## WORK INSTRUCTION:
Each entry below should be echoed exactly, with pictures omitted.

Items from a data source
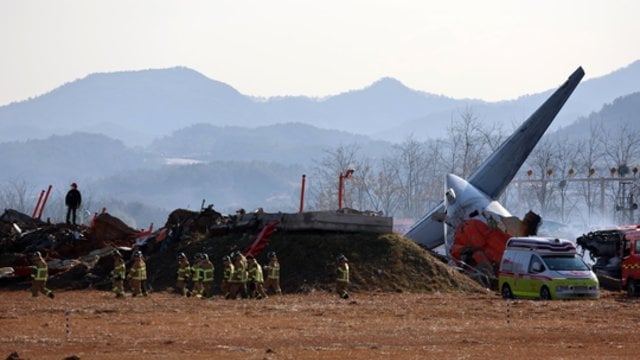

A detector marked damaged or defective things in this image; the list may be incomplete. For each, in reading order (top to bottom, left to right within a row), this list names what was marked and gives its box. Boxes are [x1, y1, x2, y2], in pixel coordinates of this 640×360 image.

crashed airplane tail [404, 66, 584, 249]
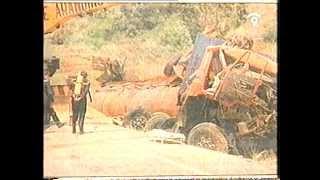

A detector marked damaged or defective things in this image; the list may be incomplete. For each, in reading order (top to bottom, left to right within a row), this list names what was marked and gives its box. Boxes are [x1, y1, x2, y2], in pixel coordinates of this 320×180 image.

wrecked truck [91, 34, 276, 157]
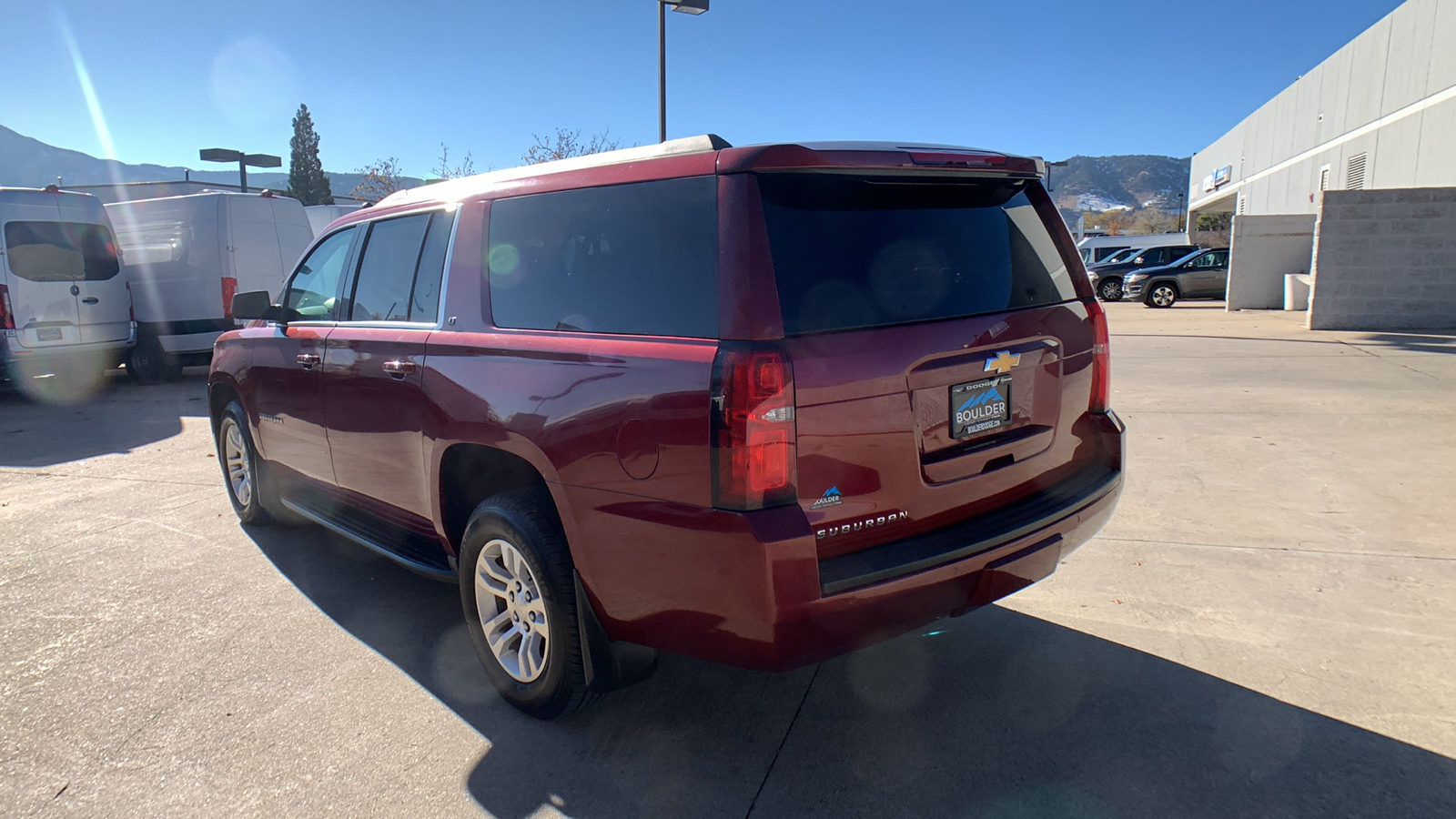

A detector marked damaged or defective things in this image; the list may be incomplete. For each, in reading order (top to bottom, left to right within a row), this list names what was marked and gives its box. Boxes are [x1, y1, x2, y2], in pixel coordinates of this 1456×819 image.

pavement crack [745, 658, 815, 810]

## TASK OUTPUT:
A detector marked damaged or defective things in this image; the list may be incomplete. For each, in reading order (top to bottom, left to right within a row), this list names what was marked and gives its box. Boxes are [x1, y1, x2, y2], in pixel coordinates of this 640×360 image.

crashed airplane tail [404, 66, 584, 249]

A detector marked damaged or defective things in this image; the list may be incomplete. For each, in reading order (top to bottom, left to right within a row), this list names what was marked and gives its box. Boxes are [x1, y1, x2, y2], in pixel coordinates of this 320×180 image.

wrecked truck [91, 34, 276, 157]

A detector marked damaged or defective things in this image; the list may be incomplete. For each, in reading order (top to bottom, left to right within a row), this list names what was marked and gives its box. Boxes are [x1, y1, x2, y2], in pixel coordinates of this 1456×819 image.

pavement crack [745, 658, 815, 810]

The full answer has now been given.